Please begin with the line containing "공지사항 페이지 바로가기" and reproduce each line exactly until the records below end, without any pictures.

::: RECORD EXTRACTS :::

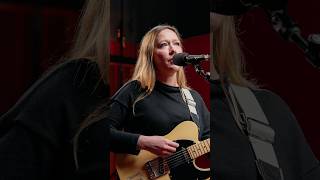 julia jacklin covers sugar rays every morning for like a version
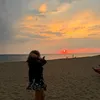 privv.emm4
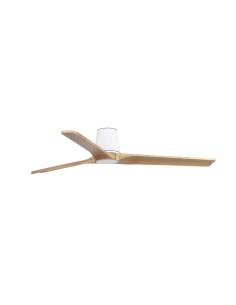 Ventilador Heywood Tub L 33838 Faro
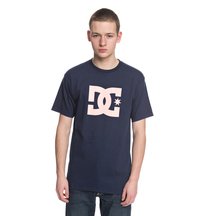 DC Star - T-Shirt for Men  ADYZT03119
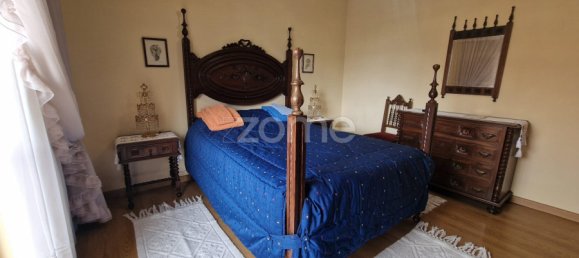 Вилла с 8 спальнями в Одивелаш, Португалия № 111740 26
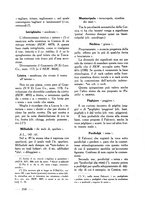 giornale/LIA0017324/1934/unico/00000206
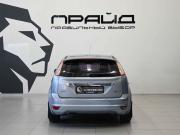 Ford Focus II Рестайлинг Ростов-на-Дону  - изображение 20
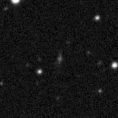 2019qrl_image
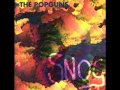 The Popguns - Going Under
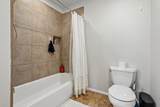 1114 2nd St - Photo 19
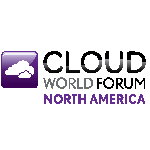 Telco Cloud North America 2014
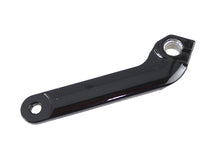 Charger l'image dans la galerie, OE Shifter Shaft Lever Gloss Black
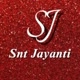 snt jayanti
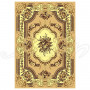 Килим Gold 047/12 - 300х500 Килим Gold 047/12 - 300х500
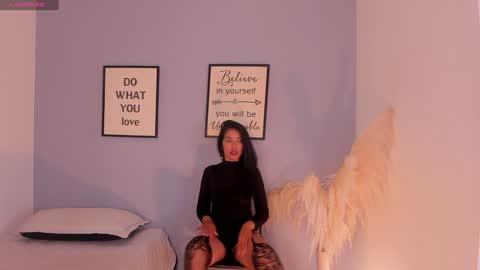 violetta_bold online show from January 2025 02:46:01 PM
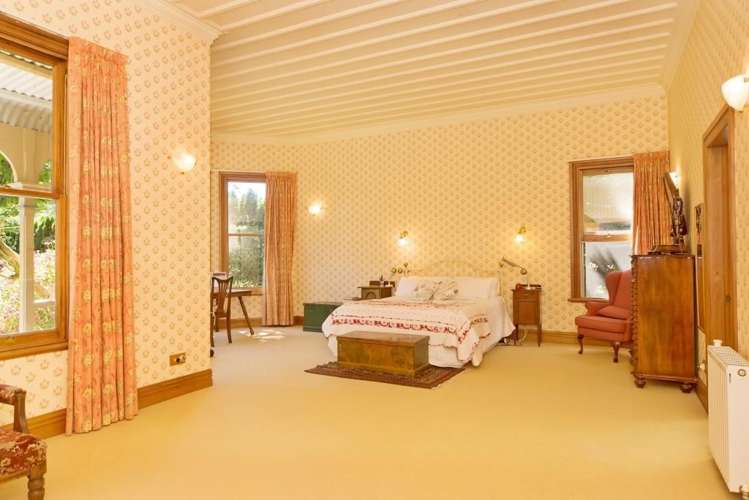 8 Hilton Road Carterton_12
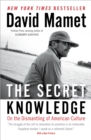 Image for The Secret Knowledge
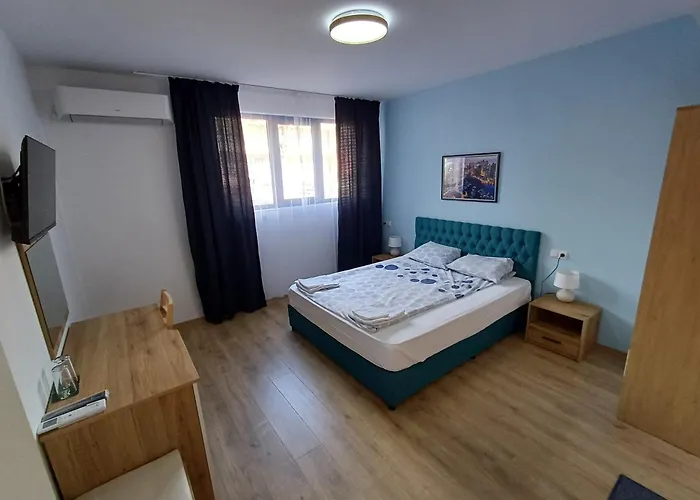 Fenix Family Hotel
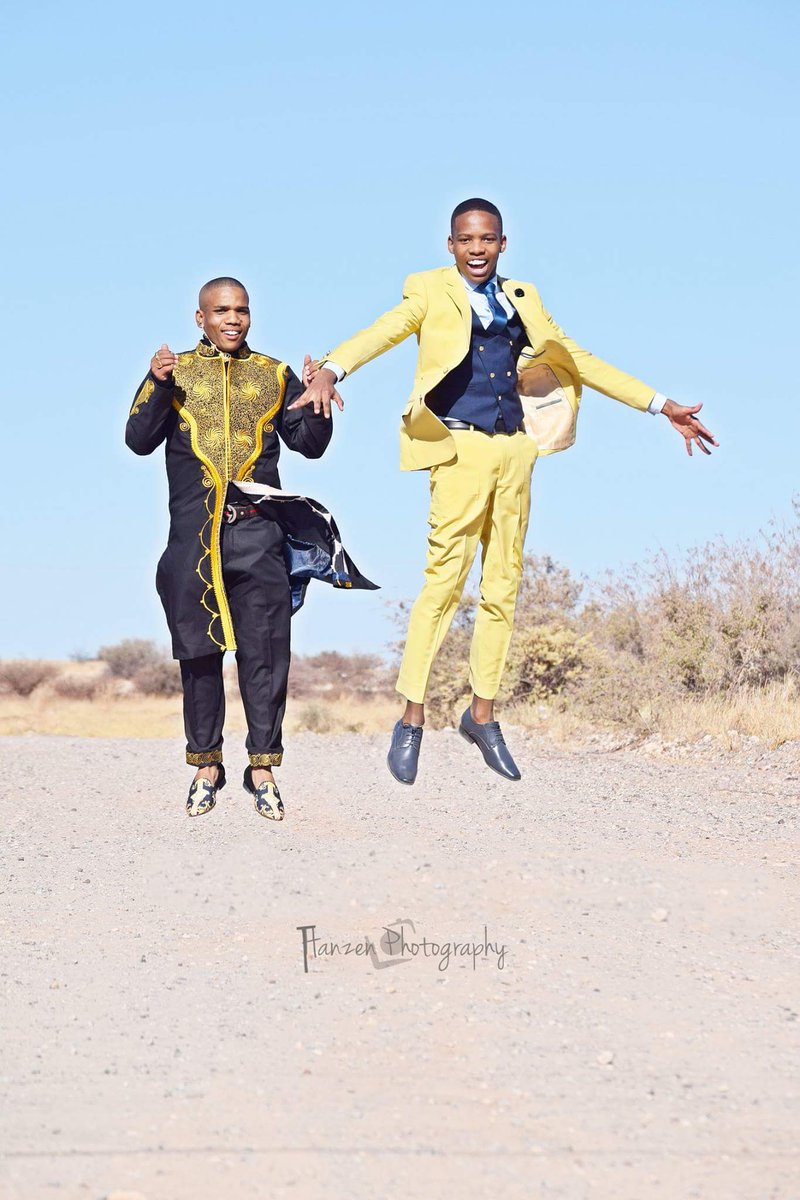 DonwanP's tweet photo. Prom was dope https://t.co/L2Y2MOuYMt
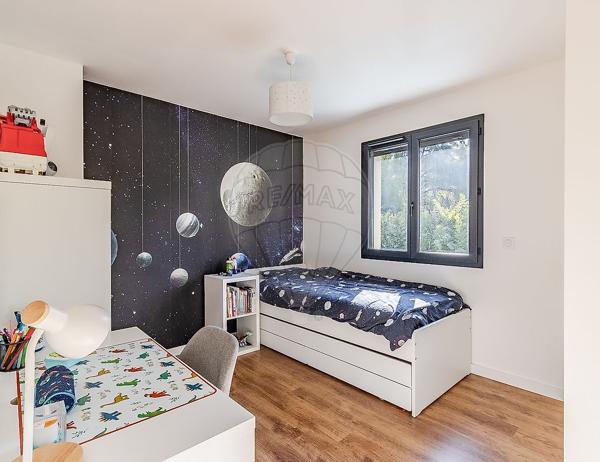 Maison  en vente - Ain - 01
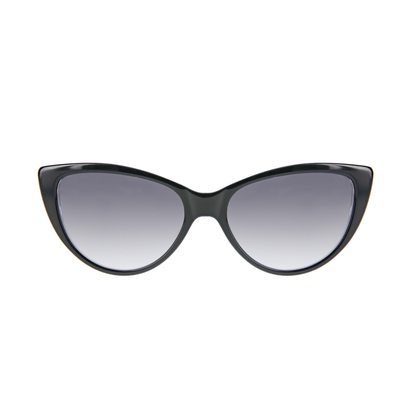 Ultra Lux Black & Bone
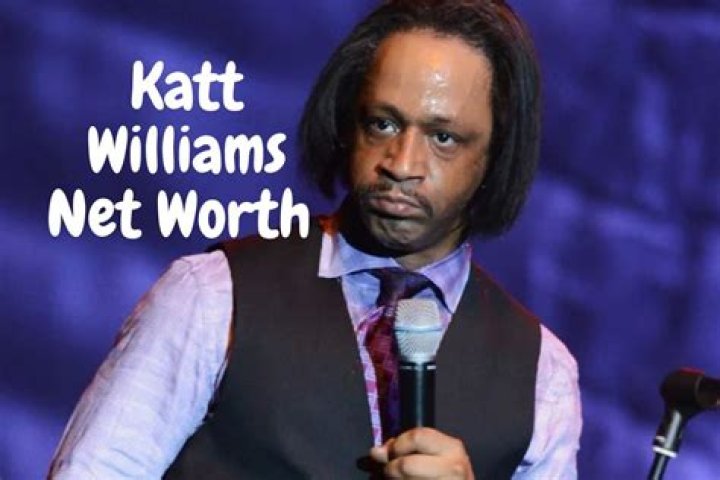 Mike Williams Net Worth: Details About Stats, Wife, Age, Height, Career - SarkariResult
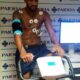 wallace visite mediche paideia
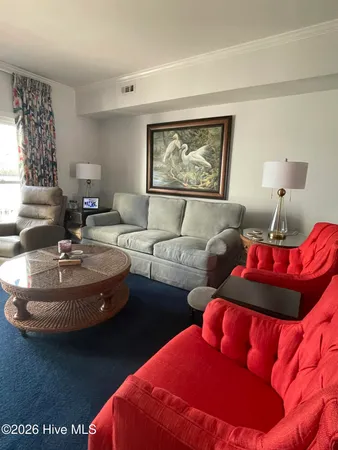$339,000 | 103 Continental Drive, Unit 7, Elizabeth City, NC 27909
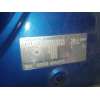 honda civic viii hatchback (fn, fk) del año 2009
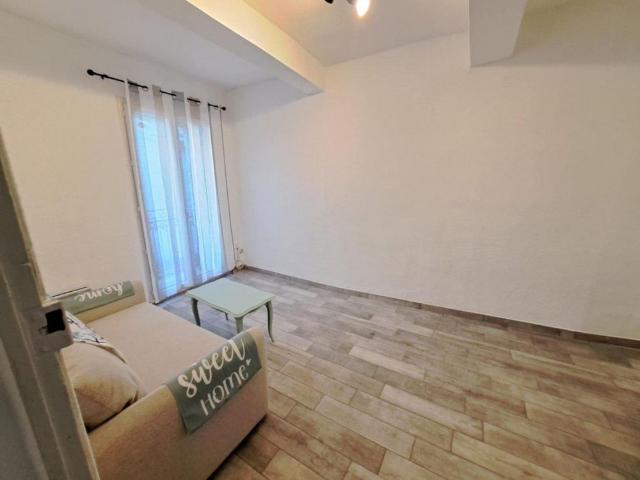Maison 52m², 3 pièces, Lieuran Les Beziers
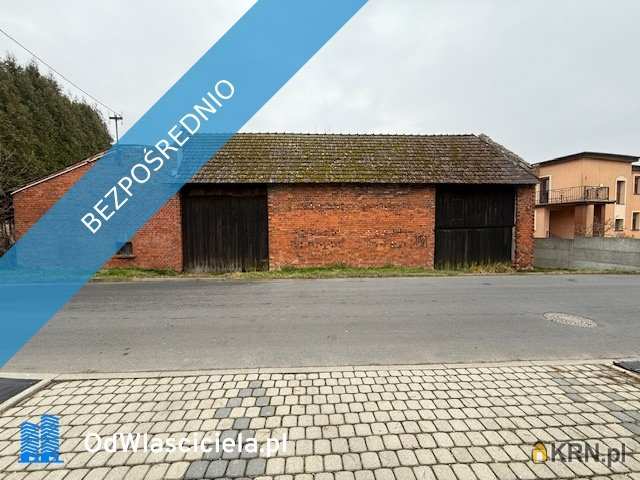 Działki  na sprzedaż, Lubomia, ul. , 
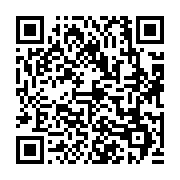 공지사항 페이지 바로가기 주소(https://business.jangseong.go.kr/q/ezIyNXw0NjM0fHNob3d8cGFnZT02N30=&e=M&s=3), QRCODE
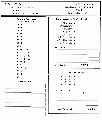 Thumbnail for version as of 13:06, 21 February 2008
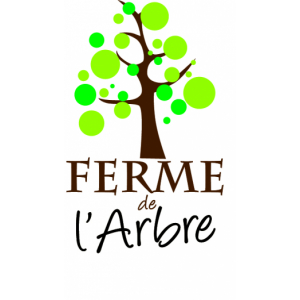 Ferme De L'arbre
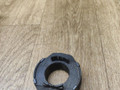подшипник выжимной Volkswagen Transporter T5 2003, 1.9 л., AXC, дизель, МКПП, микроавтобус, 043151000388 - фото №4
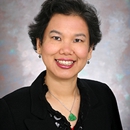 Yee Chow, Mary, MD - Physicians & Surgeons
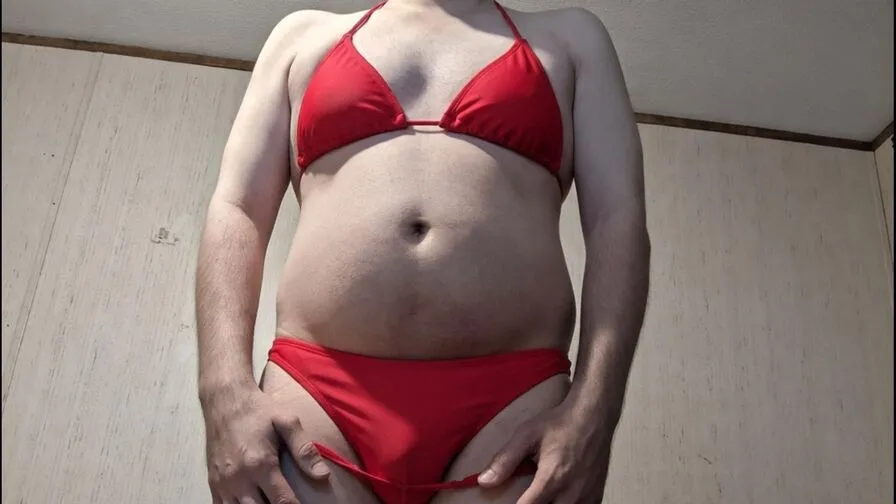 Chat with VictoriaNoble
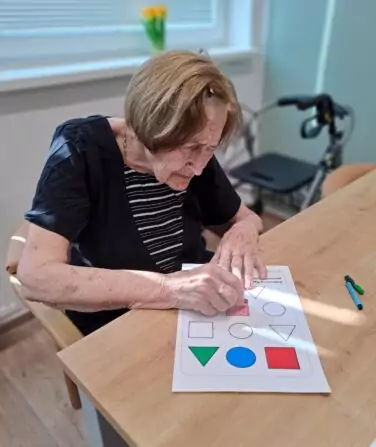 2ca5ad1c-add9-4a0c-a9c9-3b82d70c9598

:::

TASK RESULT
 공지사항 페이지 바로가기 주소(https://business.jangseong.go.kr/q/ezIyNXw0NjM0fHNob3d8cGFnZT02N30=&e=M&s=3), QRCODE
 Thumbnail for version as of 13:06, 21 February 2008
 Ferme De L'arbre
подшипник выжимной Volkswagen Transporter T5 2003, 1.9 л., AXC, дизель, МКПП, микроавтобус, 043151000388 - фото №4
 Yee Chow, Mary, MD - Physicians & Surgeons
 Chat with VictoriaNoble
 2ca5ad1c-add9-4a0c-a9c9-3b82d70c9598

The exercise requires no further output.